## Work item
Lines in the entries below where the word "Insulated" shows up should each be copied.

Stored items:
================================

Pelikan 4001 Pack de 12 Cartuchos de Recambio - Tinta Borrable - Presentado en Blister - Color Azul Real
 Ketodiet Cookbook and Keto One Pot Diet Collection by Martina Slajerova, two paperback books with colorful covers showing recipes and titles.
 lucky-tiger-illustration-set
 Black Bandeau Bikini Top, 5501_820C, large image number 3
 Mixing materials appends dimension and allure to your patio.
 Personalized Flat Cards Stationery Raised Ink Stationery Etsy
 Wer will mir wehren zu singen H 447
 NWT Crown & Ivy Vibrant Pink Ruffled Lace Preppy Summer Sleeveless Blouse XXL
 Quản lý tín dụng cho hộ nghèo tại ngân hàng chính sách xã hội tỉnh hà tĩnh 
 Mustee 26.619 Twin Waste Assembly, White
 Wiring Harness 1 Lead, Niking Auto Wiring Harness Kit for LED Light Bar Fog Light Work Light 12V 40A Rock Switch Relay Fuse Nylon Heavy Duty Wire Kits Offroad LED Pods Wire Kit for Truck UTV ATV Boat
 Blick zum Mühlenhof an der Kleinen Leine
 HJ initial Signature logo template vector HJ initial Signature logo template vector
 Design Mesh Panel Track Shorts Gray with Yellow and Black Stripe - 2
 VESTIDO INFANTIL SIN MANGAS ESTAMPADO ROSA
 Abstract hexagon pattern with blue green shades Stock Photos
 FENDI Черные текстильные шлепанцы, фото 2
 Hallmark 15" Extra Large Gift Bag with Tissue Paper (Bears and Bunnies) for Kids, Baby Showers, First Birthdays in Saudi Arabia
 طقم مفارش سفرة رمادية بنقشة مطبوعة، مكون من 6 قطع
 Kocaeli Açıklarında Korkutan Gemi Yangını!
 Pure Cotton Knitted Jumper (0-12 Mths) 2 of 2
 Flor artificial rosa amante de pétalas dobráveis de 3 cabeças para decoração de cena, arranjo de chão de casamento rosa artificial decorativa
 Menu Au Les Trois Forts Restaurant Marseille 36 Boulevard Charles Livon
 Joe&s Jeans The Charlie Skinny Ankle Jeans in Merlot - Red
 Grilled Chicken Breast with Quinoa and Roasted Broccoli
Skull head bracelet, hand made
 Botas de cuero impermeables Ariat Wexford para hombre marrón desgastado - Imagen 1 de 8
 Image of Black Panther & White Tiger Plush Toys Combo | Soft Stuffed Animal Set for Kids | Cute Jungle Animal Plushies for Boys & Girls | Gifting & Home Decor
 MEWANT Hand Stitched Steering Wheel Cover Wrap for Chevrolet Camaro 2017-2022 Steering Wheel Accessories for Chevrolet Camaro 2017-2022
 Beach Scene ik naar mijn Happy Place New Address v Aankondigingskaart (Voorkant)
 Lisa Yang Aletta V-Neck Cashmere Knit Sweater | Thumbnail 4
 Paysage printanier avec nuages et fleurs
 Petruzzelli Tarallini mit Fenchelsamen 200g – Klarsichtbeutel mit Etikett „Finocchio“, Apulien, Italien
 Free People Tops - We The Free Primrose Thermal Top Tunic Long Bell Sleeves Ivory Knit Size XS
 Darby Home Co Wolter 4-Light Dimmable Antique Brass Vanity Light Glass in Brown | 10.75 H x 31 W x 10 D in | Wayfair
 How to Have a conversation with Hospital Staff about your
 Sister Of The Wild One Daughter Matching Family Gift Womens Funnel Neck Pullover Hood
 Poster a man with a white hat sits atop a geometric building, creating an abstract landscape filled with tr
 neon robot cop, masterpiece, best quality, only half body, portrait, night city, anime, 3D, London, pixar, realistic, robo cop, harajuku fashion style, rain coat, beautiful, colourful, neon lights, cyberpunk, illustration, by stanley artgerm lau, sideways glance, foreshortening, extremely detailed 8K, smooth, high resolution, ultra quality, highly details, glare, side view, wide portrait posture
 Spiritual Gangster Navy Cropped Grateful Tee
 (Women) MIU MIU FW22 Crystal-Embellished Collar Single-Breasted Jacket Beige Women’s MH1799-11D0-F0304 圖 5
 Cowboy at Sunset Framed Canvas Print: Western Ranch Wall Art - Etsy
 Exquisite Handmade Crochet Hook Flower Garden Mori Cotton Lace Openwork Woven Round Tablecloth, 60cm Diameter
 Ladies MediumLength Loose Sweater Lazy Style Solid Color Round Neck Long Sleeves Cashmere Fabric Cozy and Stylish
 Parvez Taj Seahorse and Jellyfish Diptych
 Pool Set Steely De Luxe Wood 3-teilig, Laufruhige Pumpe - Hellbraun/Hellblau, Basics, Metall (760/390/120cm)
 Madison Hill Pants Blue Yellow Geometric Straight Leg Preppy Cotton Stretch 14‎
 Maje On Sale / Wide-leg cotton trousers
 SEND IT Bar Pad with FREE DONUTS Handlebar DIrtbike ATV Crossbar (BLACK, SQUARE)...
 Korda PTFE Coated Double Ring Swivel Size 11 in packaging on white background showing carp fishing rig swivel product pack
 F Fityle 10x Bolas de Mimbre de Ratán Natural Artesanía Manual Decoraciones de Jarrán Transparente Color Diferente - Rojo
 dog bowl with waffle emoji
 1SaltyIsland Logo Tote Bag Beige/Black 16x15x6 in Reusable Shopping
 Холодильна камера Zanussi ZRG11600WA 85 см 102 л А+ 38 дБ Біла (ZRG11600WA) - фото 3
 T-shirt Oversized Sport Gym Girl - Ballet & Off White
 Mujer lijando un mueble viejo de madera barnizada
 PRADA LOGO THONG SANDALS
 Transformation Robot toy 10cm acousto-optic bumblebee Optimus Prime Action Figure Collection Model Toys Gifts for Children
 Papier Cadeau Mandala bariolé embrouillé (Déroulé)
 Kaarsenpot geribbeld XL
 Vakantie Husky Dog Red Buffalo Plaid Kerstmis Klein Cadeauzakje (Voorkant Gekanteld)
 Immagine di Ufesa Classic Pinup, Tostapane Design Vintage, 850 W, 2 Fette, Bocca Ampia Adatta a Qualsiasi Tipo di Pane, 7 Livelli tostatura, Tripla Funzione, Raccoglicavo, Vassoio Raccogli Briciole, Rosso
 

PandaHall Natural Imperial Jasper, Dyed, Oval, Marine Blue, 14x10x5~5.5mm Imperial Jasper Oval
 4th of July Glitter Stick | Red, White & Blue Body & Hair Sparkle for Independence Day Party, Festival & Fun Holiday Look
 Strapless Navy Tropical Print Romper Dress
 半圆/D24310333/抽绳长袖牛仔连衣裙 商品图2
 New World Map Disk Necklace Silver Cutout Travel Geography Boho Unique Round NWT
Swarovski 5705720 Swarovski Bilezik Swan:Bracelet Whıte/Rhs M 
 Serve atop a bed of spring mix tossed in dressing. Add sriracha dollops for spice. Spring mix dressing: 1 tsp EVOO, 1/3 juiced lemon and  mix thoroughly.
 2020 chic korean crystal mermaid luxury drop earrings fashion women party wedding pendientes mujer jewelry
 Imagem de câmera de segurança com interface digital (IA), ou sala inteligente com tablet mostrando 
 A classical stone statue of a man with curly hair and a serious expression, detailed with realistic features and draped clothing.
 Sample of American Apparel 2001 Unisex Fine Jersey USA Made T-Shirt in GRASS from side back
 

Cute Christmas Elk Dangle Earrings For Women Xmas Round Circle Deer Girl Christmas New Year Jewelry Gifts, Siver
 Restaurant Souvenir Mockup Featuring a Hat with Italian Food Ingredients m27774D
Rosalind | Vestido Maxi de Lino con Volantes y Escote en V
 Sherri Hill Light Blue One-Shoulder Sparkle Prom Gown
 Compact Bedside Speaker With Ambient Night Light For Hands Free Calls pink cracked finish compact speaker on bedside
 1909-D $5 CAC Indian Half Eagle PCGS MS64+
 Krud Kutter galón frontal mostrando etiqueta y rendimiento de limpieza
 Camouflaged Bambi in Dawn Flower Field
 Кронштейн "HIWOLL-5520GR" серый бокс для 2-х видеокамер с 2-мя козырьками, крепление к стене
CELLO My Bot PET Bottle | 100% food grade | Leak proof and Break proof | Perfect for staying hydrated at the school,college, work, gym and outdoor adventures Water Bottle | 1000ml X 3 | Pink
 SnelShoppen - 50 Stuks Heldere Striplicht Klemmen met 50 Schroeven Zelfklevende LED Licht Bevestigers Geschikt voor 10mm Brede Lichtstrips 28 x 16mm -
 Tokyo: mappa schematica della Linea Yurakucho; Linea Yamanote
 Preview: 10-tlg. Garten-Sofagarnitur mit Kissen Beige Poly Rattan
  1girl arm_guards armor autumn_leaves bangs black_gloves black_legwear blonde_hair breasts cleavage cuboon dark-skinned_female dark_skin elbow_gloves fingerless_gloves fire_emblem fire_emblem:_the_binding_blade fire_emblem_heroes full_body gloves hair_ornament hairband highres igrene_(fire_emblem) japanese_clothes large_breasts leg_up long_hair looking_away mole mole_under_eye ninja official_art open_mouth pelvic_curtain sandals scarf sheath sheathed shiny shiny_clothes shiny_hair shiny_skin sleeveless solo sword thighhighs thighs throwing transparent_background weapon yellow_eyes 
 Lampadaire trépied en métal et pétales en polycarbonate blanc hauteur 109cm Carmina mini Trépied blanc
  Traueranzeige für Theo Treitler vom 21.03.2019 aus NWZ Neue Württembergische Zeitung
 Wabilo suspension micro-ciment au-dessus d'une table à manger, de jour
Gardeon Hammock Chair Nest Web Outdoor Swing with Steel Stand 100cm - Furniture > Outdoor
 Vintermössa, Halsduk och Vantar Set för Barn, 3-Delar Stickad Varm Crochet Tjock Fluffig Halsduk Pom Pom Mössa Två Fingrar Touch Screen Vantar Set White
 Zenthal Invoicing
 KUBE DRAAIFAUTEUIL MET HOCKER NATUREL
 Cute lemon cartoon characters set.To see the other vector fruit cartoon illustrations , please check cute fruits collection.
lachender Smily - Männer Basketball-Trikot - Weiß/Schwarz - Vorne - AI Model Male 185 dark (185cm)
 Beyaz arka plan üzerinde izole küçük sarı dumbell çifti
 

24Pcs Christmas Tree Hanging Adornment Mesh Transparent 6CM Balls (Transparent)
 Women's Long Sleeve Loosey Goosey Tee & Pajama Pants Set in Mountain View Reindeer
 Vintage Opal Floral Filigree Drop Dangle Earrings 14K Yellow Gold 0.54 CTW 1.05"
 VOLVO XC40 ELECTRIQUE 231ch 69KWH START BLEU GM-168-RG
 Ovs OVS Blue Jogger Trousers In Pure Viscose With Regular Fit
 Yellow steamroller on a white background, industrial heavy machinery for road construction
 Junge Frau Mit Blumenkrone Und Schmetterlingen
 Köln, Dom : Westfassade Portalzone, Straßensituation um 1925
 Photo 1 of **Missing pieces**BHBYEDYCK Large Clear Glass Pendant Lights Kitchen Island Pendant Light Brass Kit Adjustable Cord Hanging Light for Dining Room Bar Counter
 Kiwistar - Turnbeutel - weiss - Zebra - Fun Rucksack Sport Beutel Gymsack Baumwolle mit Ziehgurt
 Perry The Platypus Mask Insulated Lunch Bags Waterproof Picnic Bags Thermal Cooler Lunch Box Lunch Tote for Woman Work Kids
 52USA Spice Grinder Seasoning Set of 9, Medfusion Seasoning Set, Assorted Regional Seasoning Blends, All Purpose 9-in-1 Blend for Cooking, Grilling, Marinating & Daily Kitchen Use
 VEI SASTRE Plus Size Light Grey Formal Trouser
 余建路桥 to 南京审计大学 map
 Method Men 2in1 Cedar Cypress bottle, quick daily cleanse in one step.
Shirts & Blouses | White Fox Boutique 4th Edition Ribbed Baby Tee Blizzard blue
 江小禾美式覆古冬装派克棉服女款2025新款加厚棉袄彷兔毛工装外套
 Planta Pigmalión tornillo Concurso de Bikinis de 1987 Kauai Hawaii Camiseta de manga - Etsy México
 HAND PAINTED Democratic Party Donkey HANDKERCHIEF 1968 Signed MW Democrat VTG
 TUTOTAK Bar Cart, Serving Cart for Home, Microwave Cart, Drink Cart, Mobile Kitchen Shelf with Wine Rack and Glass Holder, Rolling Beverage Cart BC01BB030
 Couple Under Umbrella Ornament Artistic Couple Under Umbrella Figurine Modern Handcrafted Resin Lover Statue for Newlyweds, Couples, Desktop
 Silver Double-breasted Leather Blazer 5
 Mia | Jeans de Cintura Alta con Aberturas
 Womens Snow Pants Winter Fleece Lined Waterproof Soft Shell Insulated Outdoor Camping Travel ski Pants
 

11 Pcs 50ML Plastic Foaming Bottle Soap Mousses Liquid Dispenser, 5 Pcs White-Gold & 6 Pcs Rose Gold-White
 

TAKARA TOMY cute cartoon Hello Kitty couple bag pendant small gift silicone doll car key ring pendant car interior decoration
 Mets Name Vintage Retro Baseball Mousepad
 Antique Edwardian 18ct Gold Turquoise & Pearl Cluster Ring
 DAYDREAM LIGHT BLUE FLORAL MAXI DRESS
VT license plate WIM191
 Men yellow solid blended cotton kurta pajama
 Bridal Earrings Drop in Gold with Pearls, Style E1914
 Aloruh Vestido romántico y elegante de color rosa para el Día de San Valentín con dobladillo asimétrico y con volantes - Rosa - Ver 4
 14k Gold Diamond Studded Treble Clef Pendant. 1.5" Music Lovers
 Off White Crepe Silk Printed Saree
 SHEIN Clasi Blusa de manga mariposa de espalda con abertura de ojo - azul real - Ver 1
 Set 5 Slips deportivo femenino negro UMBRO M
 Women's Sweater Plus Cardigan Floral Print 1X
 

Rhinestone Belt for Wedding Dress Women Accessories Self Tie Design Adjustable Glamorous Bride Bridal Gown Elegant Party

================================

## Output
 Perry The Platypus Mask Insulated Lunch Bags Waterproof Picnic Bags Thermal Cooler Lunch Box Lunch Tote for Woman Work Kids
 Womens Snow Pants Winter Fleece Lined Waterproof Soft Shell Insulated Outdoor Camping Travel ski Pants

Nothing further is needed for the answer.